**What the exercise asks**
Please retype the data below line for line and leave out every picture.

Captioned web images
== == ==

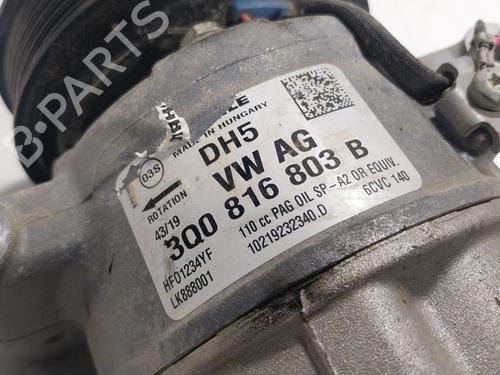 AC compressor SEAT LEON ST (5F8) 1.5 TSI | BP29071865M34  - Image 5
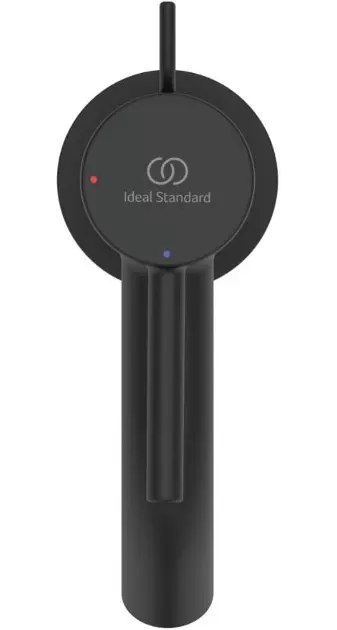 Ideal Standard - Ceraline Nuovo - Mosdó csaptelep - BD756XG – 4. kép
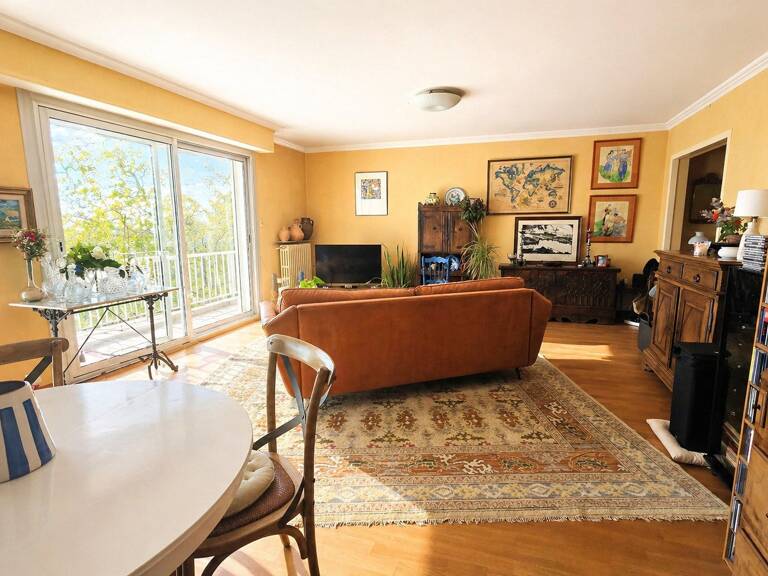 Appartement — photo 1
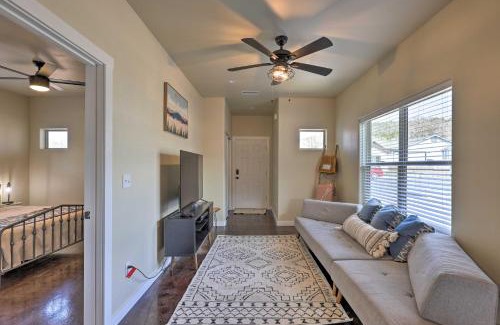 Williams Casa | Modern Retreat 3 Blocks to Dtwn Williams and Rte 66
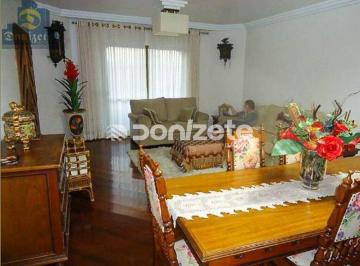 Apartamento · 200m² · 3 Quartos · 3 Vagas · Apartamento Residencial de 200 m² em Santo André Centro – 3 Dormitórios (1 Suíte) com 3 Vagas, Lazer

== == ==

**Completed task**
 AC compressor SEAT LEON ST (5F8) 1.5 TSI | BP29071865M34  - Image 5
 Ideal Standard - Ceraline Nuovo - Mosdó csaptelep - BD756XG – 4. kép
 Appartement — photo 1
 Williams Casa | Modern Retreat 3 Blocks to Dtwn Williams and Rte 66
 Apartamento · 200m² · 3 Quartos · 3 Vagas · Apartamento Residencial de 200 m² em Santo André Centro – 3 Dormitórios (1 Suíte) com 3 Vagas, Lazer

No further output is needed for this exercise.